[Collected data entries]
_ _ _ _ _ _ _

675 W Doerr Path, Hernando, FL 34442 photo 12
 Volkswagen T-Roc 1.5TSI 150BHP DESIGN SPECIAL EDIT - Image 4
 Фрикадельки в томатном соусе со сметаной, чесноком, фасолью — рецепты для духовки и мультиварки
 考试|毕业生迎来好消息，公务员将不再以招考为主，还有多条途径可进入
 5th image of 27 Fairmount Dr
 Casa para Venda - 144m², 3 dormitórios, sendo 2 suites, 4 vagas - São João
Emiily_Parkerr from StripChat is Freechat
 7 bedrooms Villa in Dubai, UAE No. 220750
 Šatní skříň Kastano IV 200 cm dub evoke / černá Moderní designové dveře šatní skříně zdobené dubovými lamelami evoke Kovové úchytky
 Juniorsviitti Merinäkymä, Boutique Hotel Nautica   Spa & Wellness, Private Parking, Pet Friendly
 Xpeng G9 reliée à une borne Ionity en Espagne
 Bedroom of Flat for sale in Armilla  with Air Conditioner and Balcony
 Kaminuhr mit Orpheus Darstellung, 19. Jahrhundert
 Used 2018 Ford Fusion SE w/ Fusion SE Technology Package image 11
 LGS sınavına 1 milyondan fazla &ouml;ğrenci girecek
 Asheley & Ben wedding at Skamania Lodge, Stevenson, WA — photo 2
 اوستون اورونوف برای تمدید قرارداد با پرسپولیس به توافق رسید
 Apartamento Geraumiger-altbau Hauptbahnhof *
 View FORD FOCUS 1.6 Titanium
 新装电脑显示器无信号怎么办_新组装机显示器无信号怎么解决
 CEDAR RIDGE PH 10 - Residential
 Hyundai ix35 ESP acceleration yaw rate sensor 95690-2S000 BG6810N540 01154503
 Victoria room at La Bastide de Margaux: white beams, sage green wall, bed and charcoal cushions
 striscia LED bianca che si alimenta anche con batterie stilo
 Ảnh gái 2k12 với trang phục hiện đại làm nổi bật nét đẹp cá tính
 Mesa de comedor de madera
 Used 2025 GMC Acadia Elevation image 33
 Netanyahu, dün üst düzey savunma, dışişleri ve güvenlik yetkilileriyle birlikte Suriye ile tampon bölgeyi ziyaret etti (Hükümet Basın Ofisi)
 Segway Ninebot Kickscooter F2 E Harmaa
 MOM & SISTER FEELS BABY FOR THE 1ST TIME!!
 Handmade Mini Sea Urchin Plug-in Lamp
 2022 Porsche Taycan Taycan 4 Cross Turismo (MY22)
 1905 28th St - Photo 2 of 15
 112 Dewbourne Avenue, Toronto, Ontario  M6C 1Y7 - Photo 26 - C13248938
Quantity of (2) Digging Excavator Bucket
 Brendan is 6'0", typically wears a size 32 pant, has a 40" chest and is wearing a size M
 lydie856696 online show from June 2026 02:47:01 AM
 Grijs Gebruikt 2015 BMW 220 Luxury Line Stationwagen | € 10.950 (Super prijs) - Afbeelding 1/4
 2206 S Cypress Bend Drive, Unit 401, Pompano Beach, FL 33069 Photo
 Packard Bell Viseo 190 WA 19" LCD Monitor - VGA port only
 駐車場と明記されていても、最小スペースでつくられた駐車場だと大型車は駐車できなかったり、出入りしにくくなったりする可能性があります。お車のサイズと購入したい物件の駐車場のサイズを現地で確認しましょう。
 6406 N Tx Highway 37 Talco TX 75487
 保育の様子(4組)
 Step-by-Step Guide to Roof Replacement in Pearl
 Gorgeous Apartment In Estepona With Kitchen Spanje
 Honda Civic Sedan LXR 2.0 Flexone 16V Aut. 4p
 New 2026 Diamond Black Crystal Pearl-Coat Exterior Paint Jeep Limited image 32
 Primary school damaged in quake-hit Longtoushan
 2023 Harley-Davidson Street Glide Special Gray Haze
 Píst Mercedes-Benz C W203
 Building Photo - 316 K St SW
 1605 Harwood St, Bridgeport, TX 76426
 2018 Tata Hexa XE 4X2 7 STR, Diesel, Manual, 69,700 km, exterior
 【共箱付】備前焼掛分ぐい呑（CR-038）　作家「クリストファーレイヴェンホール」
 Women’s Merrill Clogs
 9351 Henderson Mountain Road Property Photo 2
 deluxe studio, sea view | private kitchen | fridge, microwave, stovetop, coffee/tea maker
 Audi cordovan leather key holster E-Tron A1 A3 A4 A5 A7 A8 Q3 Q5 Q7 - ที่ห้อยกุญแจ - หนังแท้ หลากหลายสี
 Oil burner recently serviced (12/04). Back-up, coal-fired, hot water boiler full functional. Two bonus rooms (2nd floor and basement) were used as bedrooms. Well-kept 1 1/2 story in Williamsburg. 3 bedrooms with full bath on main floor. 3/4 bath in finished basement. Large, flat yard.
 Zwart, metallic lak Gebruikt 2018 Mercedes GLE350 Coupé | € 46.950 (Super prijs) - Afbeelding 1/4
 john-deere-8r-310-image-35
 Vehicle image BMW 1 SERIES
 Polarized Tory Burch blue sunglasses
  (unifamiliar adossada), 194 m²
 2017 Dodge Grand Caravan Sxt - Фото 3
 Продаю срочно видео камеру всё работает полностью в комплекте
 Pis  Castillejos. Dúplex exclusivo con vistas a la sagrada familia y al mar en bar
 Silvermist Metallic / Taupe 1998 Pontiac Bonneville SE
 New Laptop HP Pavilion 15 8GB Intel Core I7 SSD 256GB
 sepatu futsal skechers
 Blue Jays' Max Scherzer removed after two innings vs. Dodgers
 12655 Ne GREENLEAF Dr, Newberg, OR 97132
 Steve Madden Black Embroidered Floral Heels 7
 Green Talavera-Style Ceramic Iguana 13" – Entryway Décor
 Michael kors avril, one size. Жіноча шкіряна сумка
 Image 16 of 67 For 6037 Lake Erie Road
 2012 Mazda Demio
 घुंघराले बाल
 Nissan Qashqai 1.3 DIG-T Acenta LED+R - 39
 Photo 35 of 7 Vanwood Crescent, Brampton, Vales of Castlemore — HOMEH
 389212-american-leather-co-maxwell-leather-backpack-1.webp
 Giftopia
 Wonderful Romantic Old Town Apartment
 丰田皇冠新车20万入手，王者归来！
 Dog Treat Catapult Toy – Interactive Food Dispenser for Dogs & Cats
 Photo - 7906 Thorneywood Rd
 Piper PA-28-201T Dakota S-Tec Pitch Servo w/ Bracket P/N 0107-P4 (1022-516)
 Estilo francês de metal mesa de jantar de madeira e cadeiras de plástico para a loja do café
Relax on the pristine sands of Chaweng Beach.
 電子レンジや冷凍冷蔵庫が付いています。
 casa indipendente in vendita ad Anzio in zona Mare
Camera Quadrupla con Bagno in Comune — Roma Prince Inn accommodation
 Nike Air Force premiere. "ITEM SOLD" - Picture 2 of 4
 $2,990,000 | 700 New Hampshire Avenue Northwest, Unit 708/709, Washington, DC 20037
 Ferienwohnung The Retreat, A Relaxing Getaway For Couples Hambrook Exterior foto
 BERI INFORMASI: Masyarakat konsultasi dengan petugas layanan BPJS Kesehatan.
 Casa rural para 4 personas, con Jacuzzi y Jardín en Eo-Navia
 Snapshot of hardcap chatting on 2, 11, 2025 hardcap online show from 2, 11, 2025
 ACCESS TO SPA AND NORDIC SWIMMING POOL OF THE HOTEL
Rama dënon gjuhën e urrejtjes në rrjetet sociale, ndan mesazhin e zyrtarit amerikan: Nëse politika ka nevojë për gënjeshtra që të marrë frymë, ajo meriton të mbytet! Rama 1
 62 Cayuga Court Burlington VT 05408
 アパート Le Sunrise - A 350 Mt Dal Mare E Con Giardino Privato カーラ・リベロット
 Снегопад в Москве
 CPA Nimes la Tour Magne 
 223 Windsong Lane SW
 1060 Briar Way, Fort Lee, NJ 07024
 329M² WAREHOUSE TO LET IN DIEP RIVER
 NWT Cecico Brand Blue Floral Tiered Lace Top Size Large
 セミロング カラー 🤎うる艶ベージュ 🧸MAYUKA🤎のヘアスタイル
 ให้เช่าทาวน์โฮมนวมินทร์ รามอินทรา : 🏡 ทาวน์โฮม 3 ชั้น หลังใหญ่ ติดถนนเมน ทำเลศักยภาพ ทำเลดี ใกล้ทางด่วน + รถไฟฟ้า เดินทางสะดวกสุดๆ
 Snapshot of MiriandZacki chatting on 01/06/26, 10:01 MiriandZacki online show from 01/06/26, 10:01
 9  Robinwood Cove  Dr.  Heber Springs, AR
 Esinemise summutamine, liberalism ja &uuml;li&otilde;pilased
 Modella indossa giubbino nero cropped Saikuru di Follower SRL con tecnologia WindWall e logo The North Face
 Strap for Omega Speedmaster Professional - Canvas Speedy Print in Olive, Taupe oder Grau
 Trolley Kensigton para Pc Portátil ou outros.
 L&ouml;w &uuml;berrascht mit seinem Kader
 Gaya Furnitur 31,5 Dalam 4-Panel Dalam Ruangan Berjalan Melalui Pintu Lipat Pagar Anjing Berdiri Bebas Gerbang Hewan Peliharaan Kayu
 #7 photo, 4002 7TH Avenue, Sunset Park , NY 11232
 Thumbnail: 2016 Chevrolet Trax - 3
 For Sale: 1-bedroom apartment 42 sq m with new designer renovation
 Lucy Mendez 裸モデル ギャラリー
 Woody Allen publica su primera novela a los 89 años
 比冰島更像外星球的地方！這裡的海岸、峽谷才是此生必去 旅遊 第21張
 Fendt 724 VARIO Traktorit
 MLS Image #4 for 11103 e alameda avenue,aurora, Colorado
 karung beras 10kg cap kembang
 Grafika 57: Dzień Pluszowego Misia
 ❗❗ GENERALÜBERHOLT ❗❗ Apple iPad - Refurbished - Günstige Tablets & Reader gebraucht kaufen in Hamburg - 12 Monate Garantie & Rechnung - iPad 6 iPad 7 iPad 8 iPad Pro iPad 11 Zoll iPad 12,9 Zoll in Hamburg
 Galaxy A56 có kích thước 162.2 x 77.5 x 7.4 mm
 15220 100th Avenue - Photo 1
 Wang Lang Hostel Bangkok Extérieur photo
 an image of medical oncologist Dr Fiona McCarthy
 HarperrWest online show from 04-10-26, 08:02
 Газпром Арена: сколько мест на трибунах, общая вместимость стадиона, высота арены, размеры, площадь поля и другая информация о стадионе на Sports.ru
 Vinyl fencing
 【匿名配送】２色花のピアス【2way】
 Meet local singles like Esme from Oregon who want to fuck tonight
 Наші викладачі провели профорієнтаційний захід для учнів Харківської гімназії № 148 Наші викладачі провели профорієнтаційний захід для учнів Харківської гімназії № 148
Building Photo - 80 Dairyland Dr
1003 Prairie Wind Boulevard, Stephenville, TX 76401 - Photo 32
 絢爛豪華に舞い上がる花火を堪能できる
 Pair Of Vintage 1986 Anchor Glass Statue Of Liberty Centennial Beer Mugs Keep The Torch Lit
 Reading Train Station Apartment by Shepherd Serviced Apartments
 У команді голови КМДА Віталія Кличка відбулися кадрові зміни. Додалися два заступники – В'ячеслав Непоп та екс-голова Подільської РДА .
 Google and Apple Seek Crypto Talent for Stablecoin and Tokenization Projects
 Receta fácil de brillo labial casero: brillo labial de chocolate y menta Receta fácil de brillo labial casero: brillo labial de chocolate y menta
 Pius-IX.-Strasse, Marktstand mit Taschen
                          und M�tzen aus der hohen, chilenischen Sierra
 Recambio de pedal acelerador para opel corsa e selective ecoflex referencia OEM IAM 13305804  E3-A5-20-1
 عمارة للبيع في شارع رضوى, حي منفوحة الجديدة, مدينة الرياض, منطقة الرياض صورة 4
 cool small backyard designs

_ _ _ _ _ _ _

_TO DO_.
Look through the entries above and quote exactly the lines from the line with "1905 28th St - Photo 2 of 15" to the line with "Grijs Gebruikt 2015", counting both of those lines.

_ANSWER TO THIS PROBLEM_.
 1905 28th St - Photo 2 of 15
 112 Dewbourne Avenue, Toronto, Ontario  M6C 1Y7 - Photo 26 - C13248938
Quantity of (2) Digging Excavator Bucket
 Brendan is 6'0", typically wears a size 32 pant, has a 40" chest and is wearing a size M
 lydie856696 online show from June 2026 02:47:01 AM
 Grijs Gebruikt 2015 BMW 220 Luxury Line Stationwagen | € 10.950 (Super prijs) - Afbeelding 1/4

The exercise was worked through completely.